··· Working data

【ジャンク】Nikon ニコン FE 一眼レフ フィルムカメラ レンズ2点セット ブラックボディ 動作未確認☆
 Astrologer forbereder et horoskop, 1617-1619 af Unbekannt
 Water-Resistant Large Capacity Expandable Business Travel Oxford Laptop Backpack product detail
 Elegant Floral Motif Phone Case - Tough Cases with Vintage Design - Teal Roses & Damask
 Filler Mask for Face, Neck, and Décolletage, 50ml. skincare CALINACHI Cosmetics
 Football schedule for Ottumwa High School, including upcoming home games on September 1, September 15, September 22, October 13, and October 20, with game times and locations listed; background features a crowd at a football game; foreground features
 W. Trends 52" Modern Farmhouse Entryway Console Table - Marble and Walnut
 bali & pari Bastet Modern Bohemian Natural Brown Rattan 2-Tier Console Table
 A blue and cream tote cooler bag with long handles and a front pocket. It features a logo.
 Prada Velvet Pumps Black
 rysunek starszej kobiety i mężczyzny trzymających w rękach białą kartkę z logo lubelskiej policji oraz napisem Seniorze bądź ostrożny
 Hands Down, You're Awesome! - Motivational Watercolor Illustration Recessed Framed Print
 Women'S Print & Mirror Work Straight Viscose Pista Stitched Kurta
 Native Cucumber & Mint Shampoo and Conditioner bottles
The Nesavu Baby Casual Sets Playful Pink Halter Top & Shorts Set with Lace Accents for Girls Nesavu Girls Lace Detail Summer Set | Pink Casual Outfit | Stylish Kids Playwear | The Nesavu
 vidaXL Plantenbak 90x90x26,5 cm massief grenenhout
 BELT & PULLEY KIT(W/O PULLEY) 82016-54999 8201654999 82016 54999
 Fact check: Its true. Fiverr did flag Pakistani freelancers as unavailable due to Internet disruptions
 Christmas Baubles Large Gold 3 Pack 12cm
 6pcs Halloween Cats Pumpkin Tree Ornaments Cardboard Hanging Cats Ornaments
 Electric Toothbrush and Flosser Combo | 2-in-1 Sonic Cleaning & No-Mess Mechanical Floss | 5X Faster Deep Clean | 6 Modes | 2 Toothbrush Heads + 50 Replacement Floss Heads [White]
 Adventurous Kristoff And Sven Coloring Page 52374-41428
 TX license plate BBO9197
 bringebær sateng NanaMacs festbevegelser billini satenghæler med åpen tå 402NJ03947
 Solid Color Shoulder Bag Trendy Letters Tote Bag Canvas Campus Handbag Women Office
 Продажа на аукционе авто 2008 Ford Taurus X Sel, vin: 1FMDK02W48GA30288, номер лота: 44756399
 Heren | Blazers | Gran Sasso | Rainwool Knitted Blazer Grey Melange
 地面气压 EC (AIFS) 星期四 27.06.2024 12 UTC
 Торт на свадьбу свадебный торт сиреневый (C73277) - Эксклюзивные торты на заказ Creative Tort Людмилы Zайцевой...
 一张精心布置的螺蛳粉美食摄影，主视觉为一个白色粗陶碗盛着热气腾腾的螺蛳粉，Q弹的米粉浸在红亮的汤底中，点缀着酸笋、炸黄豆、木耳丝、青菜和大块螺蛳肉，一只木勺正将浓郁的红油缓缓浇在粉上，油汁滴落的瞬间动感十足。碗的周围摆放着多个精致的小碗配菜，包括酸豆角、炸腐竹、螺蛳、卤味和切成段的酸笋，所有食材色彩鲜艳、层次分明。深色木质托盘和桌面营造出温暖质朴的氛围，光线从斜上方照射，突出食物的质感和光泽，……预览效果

······

Assigned task: The lines above from the one containing "Women'S Print &" through the one containing "TX license plate BBO9197" are to be set down exactly, and no others.

Task result:
 Women'S Print & Mirror Work Straight Viscose Pista Stitched Kurta
 Native Cucumber & Mint Shampoo and Conditioner bottles
The Nesavu Baby Casual Sets Playful Pink Halter Top & Shorts Set with Lace Accents for Girls Nesavu Girls Lace Detail Summer Set | Pink Casual Outfit | Stylish Kids Playwear | The Nesavu
 vidaXL Plantenbak 90x90x26,5 cm massief grenenhout
 BELT & PULLEY KIT(W/O PULLEY) 82016-54999 8201654999 82016 54999
 Fact check: Its true. Fiverr did flag Pakistani freelancers as unavailable due to Internet disruptions
 Christmas Baubles Large Gold 3 Pack 12cm
 6pcs Halloween Cats Pumpkin Tree Ornaments Cardboard Hanging Cats Ornaments
 Electric Toothbrush and Flosser Combo | 2-in-1 Sonic Cleaning & No-Mess Mechanical Floss | 5X Faster Deep Clean | 6 Modes | 2 Toothbrush Heads + 50 Replacement Floss Heads [White]
 Adventurous Kristoff And Sven Coloring Page 52374-41428
 TX license plate BBO9197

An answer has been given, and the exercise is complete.